The problem:
What lines of the data hold the string "Photo"? Copy them all.

Stored data:
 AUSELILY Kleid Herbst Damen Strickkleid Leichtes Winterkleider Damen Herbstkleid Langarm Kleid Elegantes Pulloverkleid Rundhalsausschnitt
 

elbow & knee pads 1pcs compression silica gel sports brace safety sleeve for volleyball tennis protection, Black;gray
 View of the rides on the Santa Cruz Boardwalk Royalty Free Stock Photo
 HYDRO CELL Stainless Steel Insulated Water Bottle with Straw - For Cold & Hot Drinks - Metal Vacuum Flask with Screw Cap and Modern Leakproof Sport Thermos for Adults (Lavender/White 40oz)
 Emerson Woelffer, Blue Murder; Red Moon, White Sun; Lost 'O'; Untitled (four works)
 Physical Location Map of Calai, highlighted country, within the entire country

...

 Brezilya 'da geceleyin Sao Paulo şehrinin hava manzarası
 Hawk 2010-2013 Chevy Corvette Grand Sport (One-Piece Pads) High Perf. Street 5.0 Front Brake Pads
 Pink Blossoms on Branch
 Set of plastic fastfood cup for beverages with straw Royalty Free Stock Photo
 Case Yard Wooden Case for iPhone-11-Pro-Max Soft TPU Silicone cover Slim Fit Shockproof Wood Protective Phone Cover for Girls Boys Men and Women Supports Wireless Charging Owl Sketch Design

---

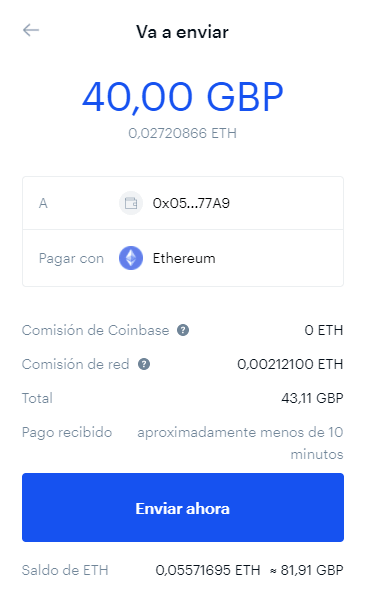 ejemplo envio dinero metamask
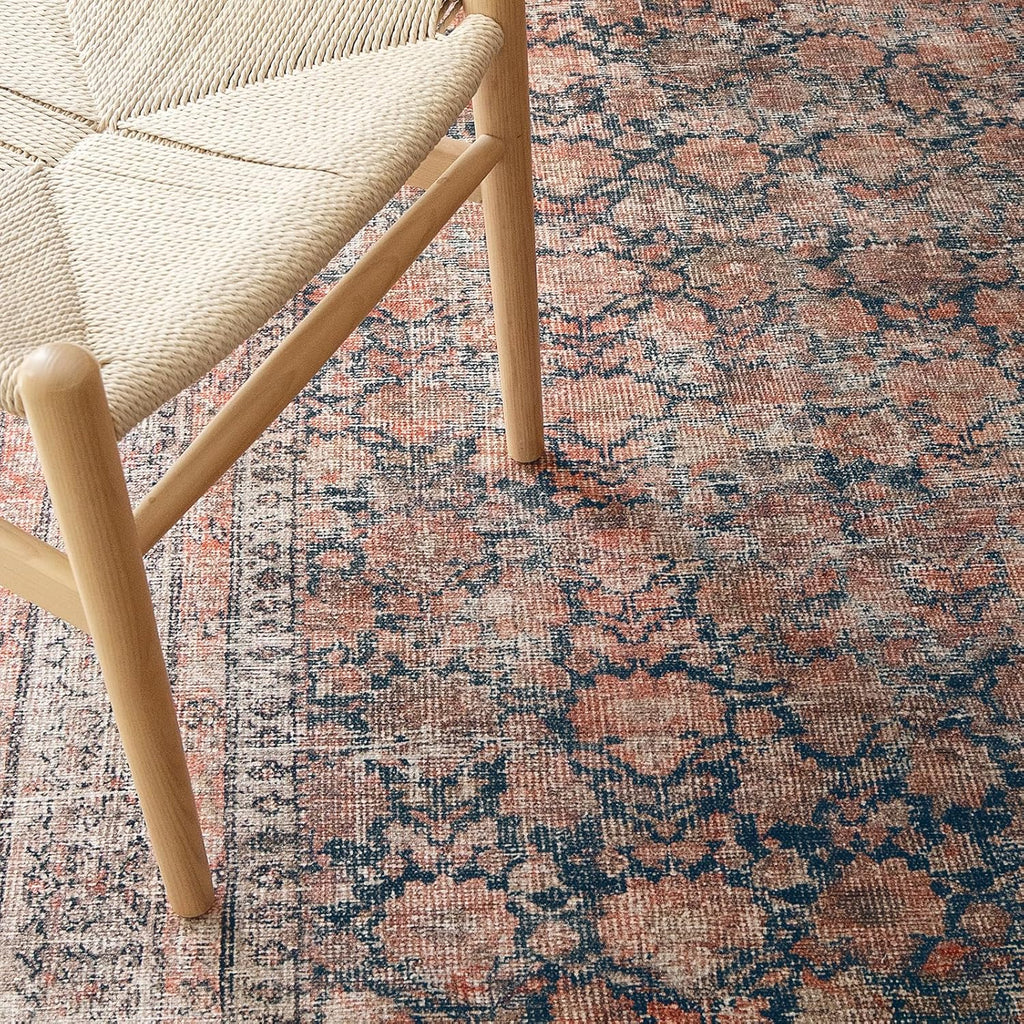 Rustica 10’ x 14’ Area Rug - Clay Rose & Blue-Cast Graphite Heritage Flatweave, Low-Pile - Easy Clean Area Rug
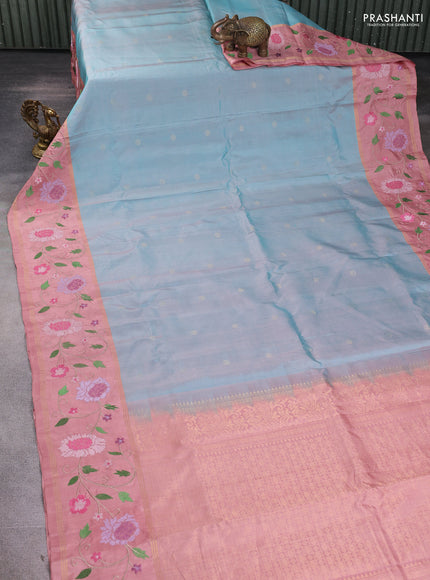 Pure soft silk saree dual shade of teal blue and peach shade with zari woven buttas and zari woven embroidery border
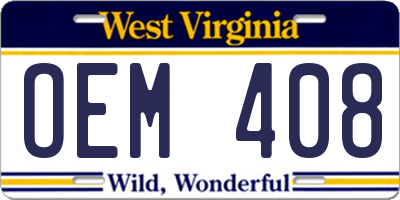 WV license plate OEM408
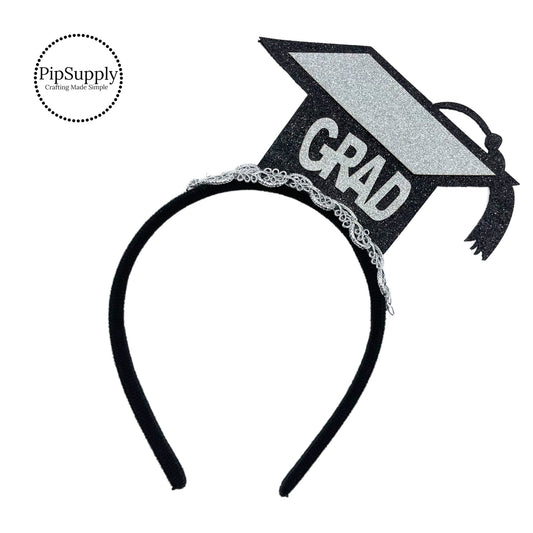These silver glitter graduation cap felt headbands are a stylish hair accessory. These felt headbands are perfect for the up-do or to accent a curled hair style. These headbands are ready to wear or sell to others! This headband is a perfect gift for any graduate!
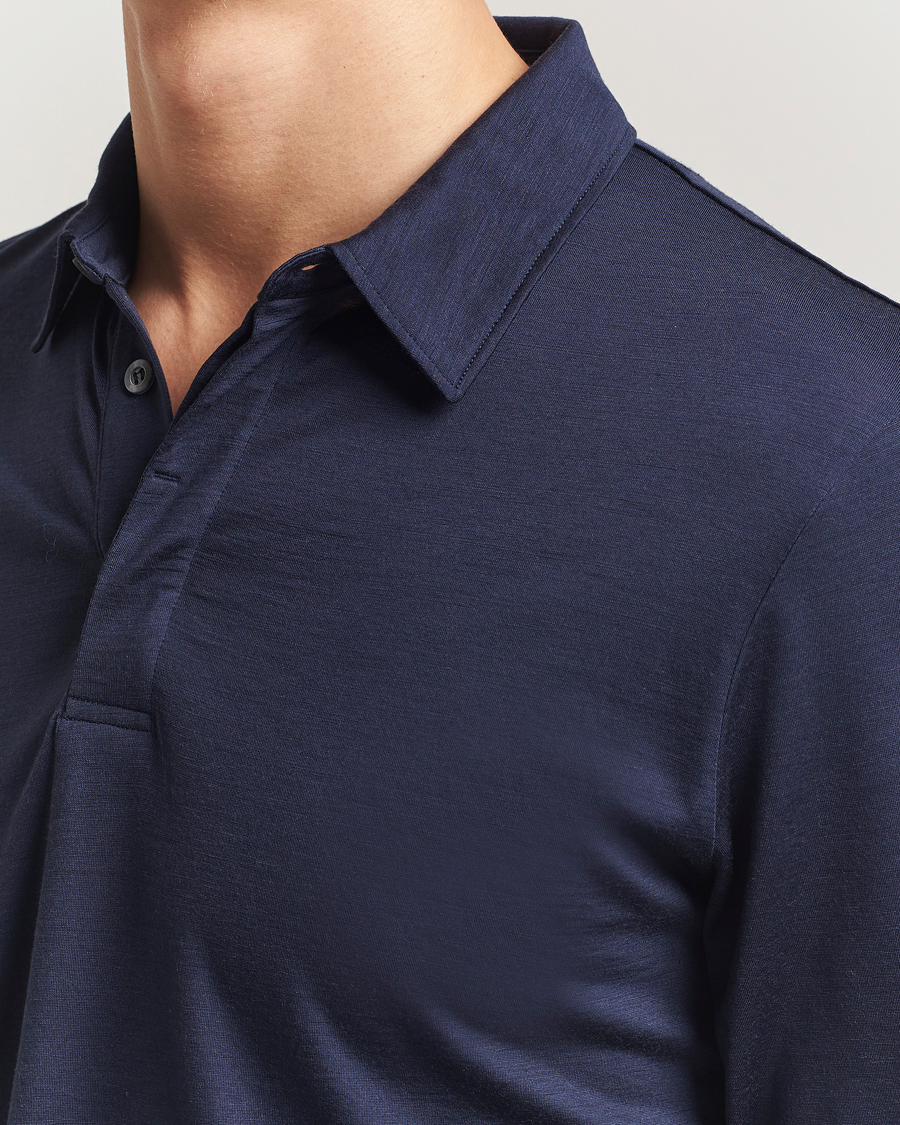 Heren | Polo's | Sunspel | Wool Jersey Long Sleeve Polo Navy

Reply to the exercise:
 View of the rides on the Santa Cruz Boardwalk Royalty Free Stock Photo
 Set of plastic fastfood cup for beverages with straw Royalty Free Stock Photo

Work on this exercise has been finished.